Nel 2021 i suicidi in carcere sono stati 54 in tutta Italia, nove in Campania. E sono stati oltre 500 negli ultimi dieci anni, mentre alcune decine di migliaia sono stati i casi di autolesionismo e sarebbero stati il doppio se non ci fosssero stati interventi tempestivi degli agenti penitenziari. La pandemia ha accentuato le situazioni di disagio mentale, di apprensione ed ansia all’interno degli istituti di pena. «Ha avuto e continua ad avere ripercussioni ancora più gravi nelle carceri dove il personale di sostegno psicologico, come quello sanitario in generale, ha numeri ridotti e non riesce a far fronte all’assistenza ancor più necessaria negli ultimi due anni di Covid», denunciano i sindacati. Di qui la proposta di istituire sportelli di sostegno psicologico contando su almeno 3 mila laureati in psicologia che in tutta Italia non risultano lavorare con continuità.

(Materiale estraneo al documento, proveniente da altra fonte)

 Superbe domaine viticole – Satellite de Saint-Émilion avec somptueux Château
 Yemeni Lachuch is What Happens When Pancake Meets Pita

E poi l’esigenza di attivare corsi di formazione e di aggiornamento per rendere il personale delle carceri maggiormente preparato ad affrontare casi di autolesionismo e suicidio, oltre naturalmente a provvedere rapidamente all’atteso potenziamento degli organici. Da tempo ormai è inascoltato l’allarme di penalisti, garanti e personale degli istituti di pena relativo alla carenza di psicologici e operatori per dare supporto psicologico ai detenuti, alla mancanza di percorsi alternativi per i detenuti malati di mente, alla inadeguatezza degli spazi della pena che finiscono per incidere negativamente anche sulle menti sane rendendole fragili e più esposte ad atti di autolesionismo. Soprattutto quando il carcere diventa solo luogo di reclusione e di privazione, senza speranza, senza tempo, senza obiettivi. A livello politico e governativo il problema è noto, l’argomento è tra quelli ampiamente dibattuti ma si fa ancora fatica a intravedere una soluzione al problema e intanto si continua ad assistere alla strage silenziosa dei suicidi in cella.